**Exercise:** Search the material and gather each line with "Hotel" in it.

(Provided entries Opens)

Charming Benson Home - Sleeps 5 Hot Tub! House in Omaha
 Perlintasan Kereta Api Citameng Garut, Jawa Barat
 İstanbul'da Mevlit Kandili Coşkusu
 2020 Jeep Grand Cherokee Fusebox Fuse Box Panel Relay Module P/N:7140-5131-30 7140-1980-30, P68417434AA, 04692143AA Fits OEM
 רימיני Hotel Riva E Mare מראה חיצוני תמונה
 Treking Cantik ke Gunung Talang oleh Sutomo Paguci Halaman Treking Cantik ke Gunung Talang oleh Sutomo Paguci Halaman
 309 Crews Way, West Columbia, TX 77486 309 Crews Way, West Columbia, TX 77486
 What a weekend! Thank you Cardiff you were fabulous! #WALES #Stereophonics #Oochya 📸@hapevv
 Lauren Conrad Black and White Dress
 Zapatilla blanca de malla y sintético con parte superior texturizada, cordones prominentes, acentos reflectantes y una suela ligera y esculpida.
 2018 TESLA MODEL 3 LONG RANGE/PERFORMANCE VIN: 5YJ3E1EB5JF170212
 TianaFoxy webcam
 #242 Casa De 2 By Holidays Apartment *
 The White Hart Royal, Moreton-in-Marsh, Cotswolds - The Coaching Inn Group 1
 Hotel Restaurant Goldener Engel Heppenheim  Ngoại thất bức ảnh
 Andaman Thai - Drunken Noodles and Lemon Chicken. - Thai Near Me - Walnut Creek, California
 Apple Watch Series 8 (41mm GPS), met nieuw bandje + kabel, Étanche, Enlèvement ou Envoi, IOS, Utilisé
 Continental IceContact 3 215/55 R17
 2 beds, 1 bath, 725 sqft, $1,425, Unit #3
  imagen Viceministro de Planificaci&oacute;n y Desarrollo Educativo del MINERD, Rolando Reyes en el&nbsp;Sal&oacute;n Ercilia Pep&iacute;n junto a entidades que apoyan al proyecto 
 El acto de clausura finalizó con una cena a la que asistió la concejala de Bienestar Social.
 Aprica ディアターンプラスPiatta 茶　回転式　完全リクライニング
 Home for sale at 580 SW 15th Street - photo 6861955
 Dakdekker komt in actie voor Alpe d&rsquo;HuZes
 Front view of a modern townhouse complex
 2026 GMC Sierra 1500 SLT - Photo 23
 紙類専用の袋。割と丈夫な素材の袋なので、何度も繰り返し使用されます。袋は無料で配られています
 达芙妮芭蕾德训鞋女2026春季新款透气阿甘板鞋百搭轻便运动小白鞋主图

(Provided entries Closes)

**Result of this exercise:**
 רימיני Hotel Riva E Mare מראה חיצוני תמונה
 Hotel Restaurant Goldener Engel Heppenheim  Ngoại thất bức ảnh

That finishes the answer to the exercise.